I think that making kindness ordinary can change the world. I think that making kindness expected, so that we know where to go for kindness, can change the world. And not only the ordinary difficulties, but I think it can cure some of the extraordinary difficulties. Imagine an election season where the other side says, “You know what, I’m not so sure about your position, but this other thing’s a pretty good idea.”

What about a year where people knew, “You know what? I fell a lot this week, but I know if I come to LifePoint, my family is going to pick me up.”  I think that ordinary kindness can solve even the extraordinary difficulties. There’s a cliché that I grew up within church where we say, “God I want you to show up, and I want you to do something” and God says, “I know, I have. That’s why I sent you.” I think God sent us to be the miracle that someone needs.

How do we do that? How do we make kindness ordinary? How do we turn it into the ordinary miracle that we all need and we’re all waiting for? I think there’s a lot of ways, but there are three ways that I want to pick out. They are more things to think about than practices, but here are three things to think about as we make kindness ordinary:

The first is time. I think one of the things that makes kindness random- one of the things that we have to schedule a whole week for is we think we need a whole bunch of time if we’re going to make any impact. We need a big amount of time if we’re ever going to make an impact. But here’s the thing: kindness doesn’t take any time at all. Do you know how much time an ordinary miracle takes? It takes a hello in the lobby. It takes a “Hey, how was your Christmas?” It takes a “Hey, how are you doing?” It takes an amount of time as a gift that somebody didn’t see coming. 

One of the interesting things about God for me is he is in the habit of taking seemingly small insignificant things and making a big change. God takes the least of a group of brothers and makes him king. Jesus says if we have faith the size of a mustard seed, we can move a mountain. I think kindness the size of a hello can change the world.

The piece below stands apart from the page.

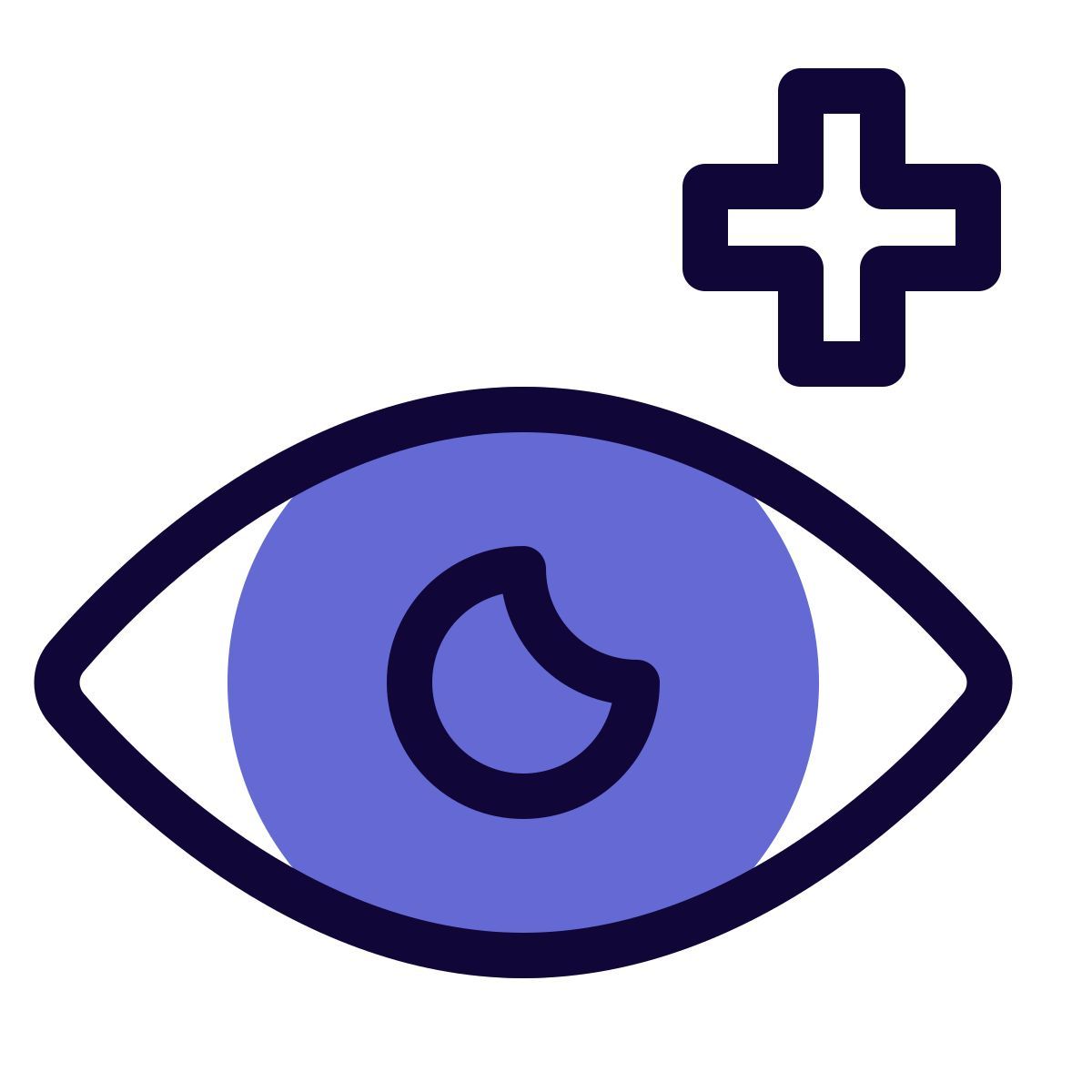 ophthalmology icon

The next thing is opportunity. I think that wherever we spend our time, we have an opportunity to be kind. Wherever we spend our time we have an opportunity to be kind. Sometimes those opportunities are sporadic like somebody falls down and you pick them up, you didn’t see that coming. But there are also opportunities that we know we’re going to head into. Like when I go home after a long day, I know I’m going to see my wife. I know I’m going to see my family. I know that that is an opportunity that I need to prepare myself to be kind. Because I am tired, and I don’t have a lot of patience. Maybe that’s the opportunity I need to pray, “Holy Spirit, fill me with your kindness so that I can be kind so that I can lift up my family.” Or when we come to church and we know there’s an hour here we’re going to spend together, an hour and a half, or more. How can we plan to use that opportunity? Wherever we have the time, wherever we spend our time, I think there’s an opportunity.

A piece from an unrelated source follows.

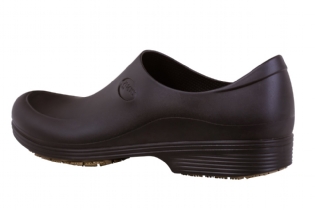 Sapato Sticky Masculino Preto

The last thing to think about is our attention. The people who get the most of my attention generally are the people that are hardest for me to be kind to. But it’s not just about who we see when we go from place to place. I think it’s how we see them that need our attention. To illustrate that, one of my favorite shows is “The West Wing.” Anybody else loves The West Wing? Yeah, okay, awesome a couple of people. One of my favorite shows is The West Wing. It’s about the White House and the staff that staffs the White House. In one of the episodes, the chief of staff is telling a story to one of his staffers.

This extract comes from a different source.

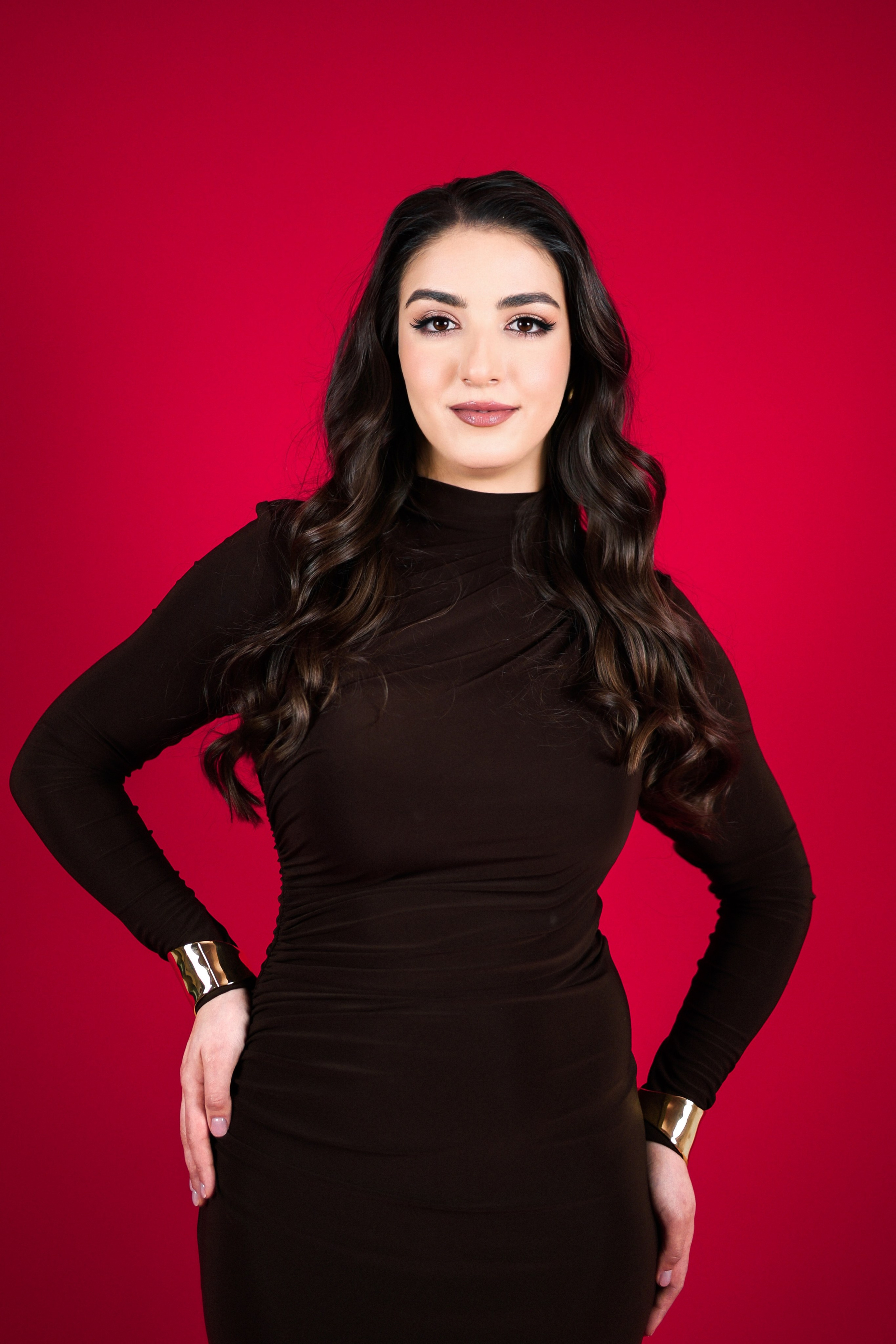 Ирина. Фотограф Елизавета Наумова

He tells a story about a guy who fell down a hole, and the walls of the hole are so steep that the guy can’t climb out. As the guy is down in the hole, a doctor walks by and he shouts out, “Hey doc! I’m down in this hole, can you help me out?” And the doctor writes a prescription and he throws it down the hole and he moves on. Then a priest walks by and the guy yells out, “Hey, Father, I’m down in this hole, can you help me out?” and the priest writes out a prayer and he throws it down the hole and he moves on. Then a friend walks by and the guy calls out, “Hey Joe! I fell down this hole, can you help me out?” And all the sudden, the friend jumps down in the hole, and the guys scream out, “What are you stupid? Now we’re both stuck down in this hole!” And the friend turns to him and says, “Yeah, I know. But I’ve been down here before, and I know the way out.”

Friends, when we see our family, when we see our co-workers, when we see each other, even when we see our enemies, who’re down in that hole? Our lives are lived behind the scenes and we don’t know where people are at. We don’t know if they’re down in the hole. We don’t know if they’ve taken a lot of falls this week. Maybe the people who are making our lives difficult, well their lives are just as difficult, if not more. What if they make our lives difficult because they’re in a hole right now and they need someone to show them the way out? I think from experience, those times when we’ve encountered kindness. We know that’s the way out.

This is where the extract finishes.